We tried to give our runner small sips of fluids, etc, but it just kept coming back up. He rested, and finally was able to hold down some Pepto Bismol and started to make a slow recovery. He is fine now, and actually ran his last leg of 3 miles the next day. This was a good reminder to all of us to respect the heat and the distance.
As the storm clouds started to roll in, we fired up the camp stove for some Cup o’ Noodles, the best relay food ever invented. I did a fine job of helping Brian to cook.
Suddenly the skies looked life threatening, so we headed into the van where we yelled for Auntie Em and finished our noodles. Van #1 pulled three of their runners due to hail and lightening.
It got nipply:
If you’ve done a relay, you know that the night-time feels endless and this is when runners have the high probability of saying things like, “Why the hell are we doing this?” “I hate you all” and the very obvious, “I’m f$@king tired.”
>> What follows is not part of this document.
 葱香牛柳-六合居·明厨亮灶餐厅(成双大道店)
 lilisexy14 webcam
My second run was at 4:00 a.m.- 7 miles down a very dark abyss (canyon) somewhere in Idaho. Pre-run I had to pee, but did not want to get out of the van due to the hurricane. I held onto my friend Julie and stuck my rear out of the open van door (it was dark, but little did I know there were people in the van next door – I like to call that the Super Moon). I swear this is #1, not #2. I am just concentrating.
Finally morning arrived and everyone was suddenly kind again. Hands down, the best cup of coffee you will ever have in your life is after a night of doing a relay.
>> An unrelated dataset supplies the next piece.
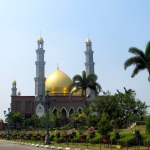 Masjid Kubah Emas (Dian Al Mahri) Tempat Wisata Rohani Terbaik di Depok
It is imperative to bring your slippers:
Our last runs were gorgeous and our spirits were high:
As we arrived in Jackson Hole after 200 miles, I was pumped to run the last 5 mile leg and hit the finish line.
Can you believe we were 14th/80 teams?
Ken and I were in different vans, so it was good to be together again – GET A ROOM! (I am not kissing him on the lips due to my attractive and raging cold sore – something my team termed “Beth’s lip fungus” ).
At the condo it was time for some Fireball celebrating.
I loved every minute of this relay. Even the times that were scary, upsetting, sad and smelly. I also hated to leave the wild west where they tell it like it is:
My total miles: 20.1. Team total miles: 205
I’m not going to lie. I was nervous going into this, not at all sure how it would feel to run this distance only five days after Ironman Boulder. I know it was not the smartest thing. Ironman is no small feat and you should respect your body, something I probably didn’t do. However, I felt really good the whole time and feel good now. It is officially REST TIME.
I’ve got to say – this is the best relay co-ed relay group I could hope for. No matter what mixture of people we have in each van, it just works. Where should we go next year?
Ever had heat stroke/exhaustion? No. It looked incredibly miserable.